> _DESCRIPTION OF THE TASK_
Your answer must be an exact repeat of the lines from the one containing "A hand making" through the last line of the records, both included, with no pictures.

> _MATERIALS PROVIDED_
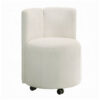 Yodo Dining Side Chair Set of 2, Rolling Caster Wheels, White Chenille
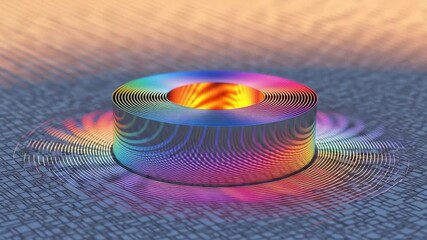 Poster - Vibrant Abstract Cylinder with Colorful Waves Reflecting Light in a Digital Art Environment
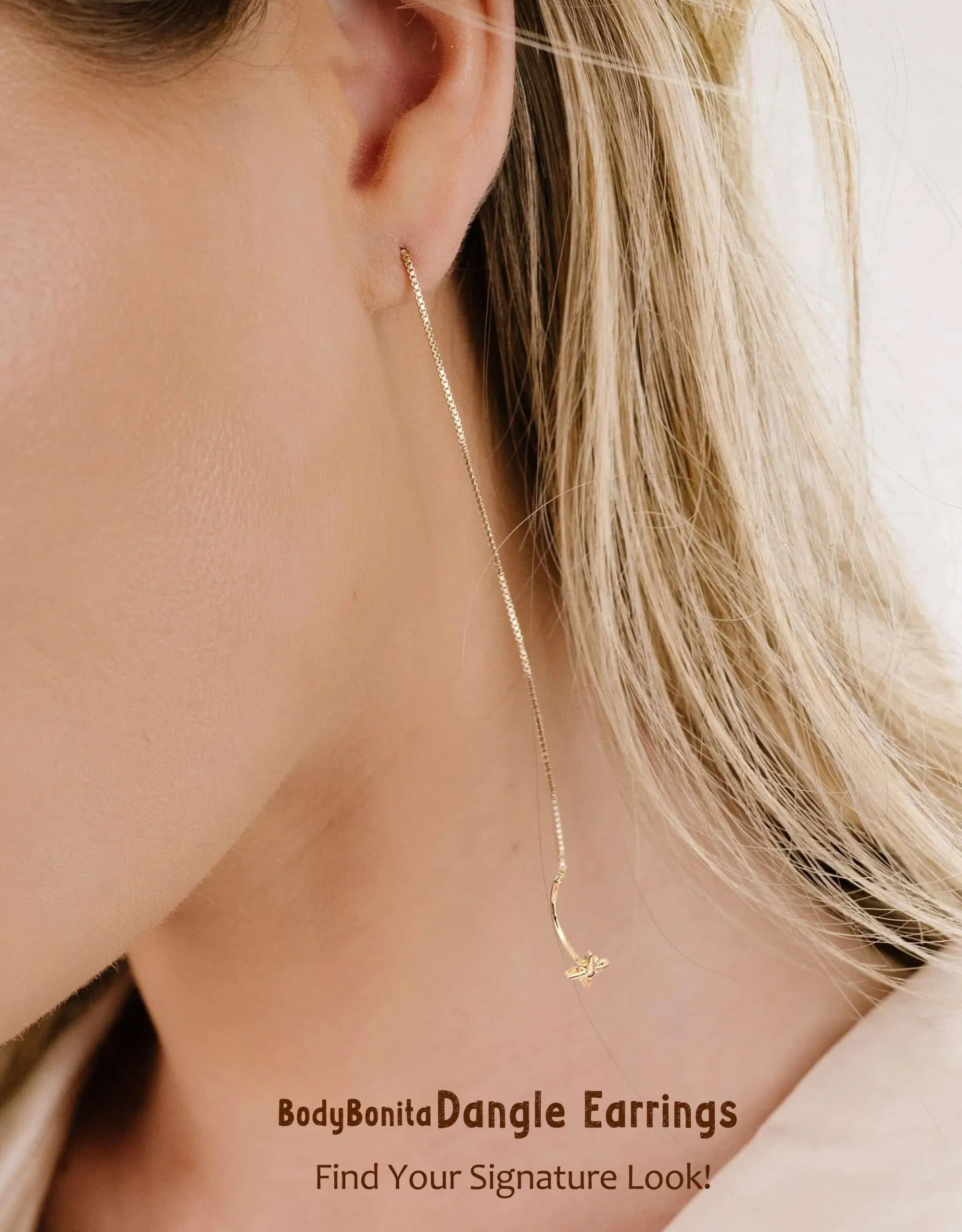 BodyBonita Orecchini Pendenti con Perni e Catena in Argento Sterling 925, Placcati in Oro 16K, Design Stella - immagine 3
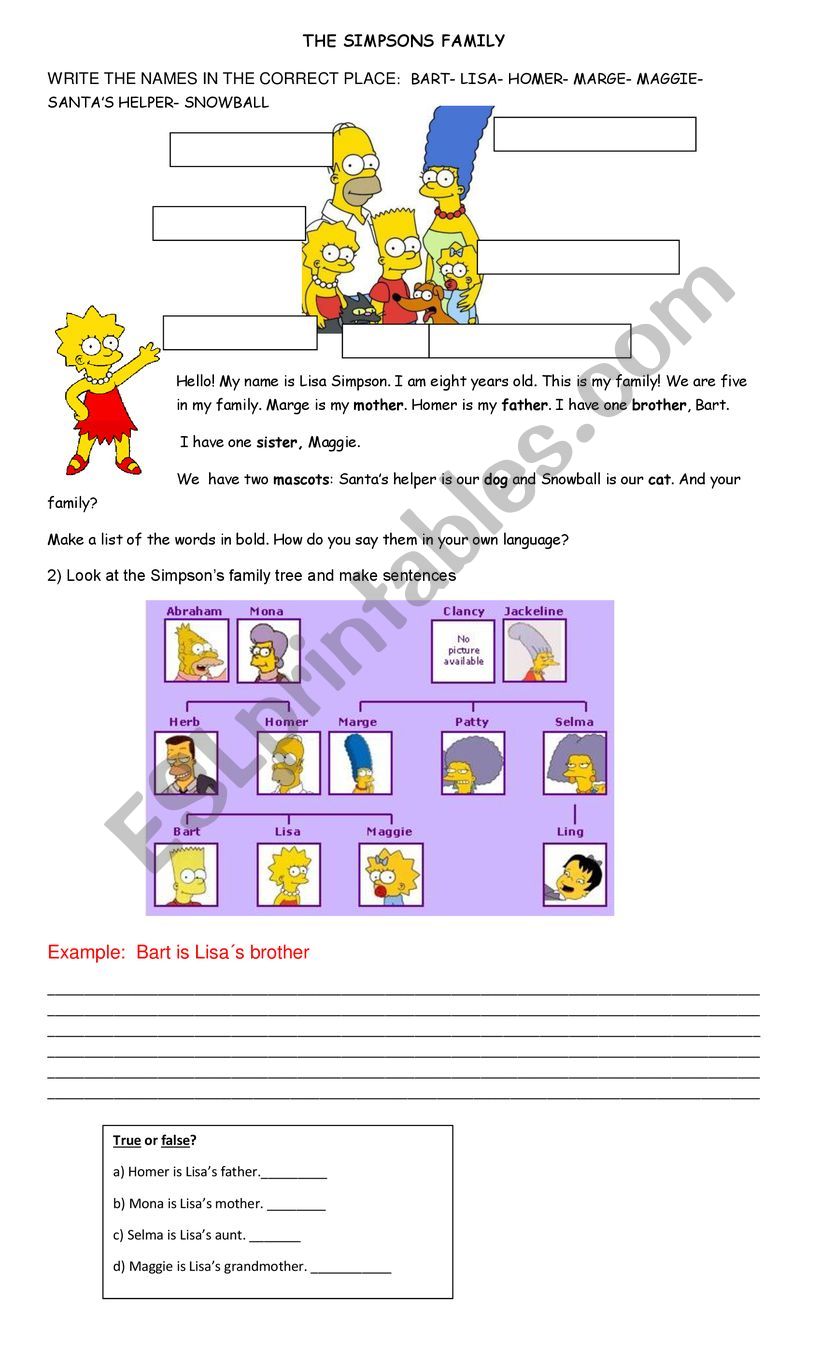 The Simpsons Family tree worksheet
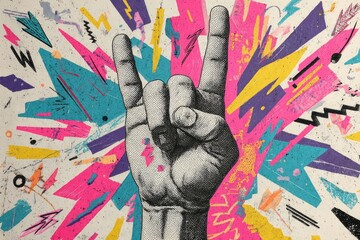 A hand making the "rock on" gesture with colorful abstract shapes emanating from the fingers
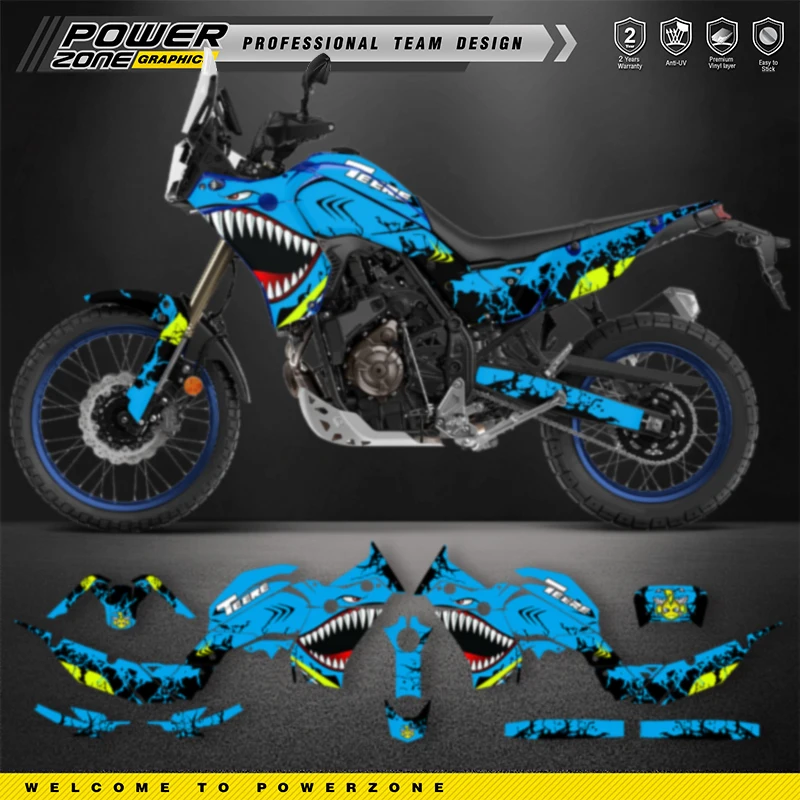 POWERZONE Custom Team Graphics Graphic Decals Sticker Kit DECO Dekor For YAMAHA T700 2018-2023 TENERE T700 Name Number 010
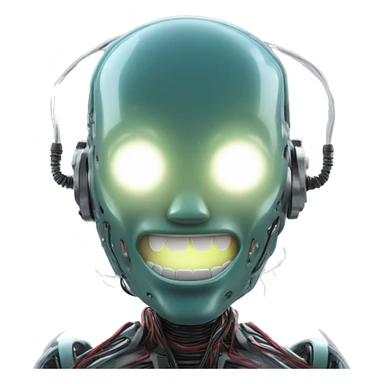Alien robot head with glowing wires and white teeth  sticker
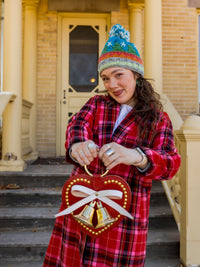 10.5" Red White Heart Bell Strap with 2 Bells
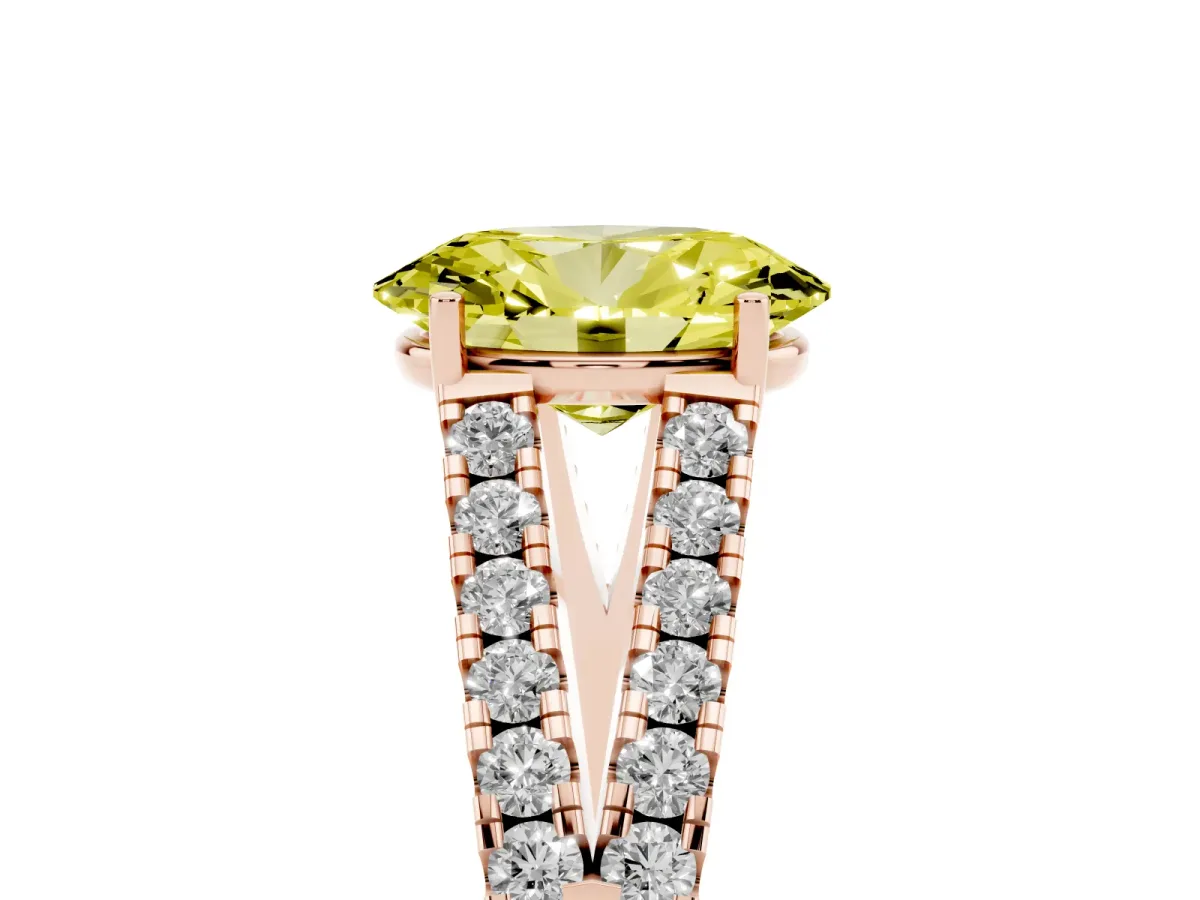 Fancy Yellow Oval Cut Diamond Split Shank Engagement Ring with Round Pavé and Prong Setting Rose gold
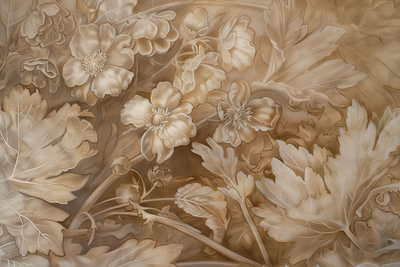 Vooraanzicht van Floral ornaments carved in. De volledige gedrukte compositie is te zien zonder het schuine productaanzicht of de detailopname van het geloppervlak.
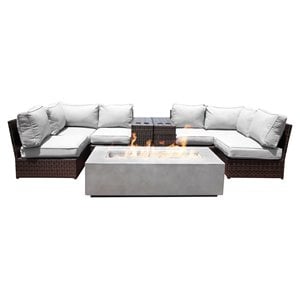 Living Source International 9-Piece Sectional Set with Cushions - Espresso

> _ANSWER SPACE_
 A hand making the "rock on" gesture with colorful abstract shapes emanating from the fingers
 POWERZONE Custom Team Graphics Graphic Decals Sticker Kit DECO Dekor For YAMAHA T700 2018-2023 TENERE T700 Name Number 010
Alien robot head with glowing wires and white teeth  sticker
 10.5" Red White Heart Bell Strap with 2 Bells
 Fancy Yellow Oval Cut Diamond Split Shank Engagement Ring with Round Pavé and Prong Setting Rose gold
 Vooraanzicht van Floral ornaments carved in. De volledige gedrukte compositie is te zien zonder het schuine productaanzicht of de detailopname van het geloppervlak.
 Living Source International 9-Piece Sectional Set with Cushions - Espresso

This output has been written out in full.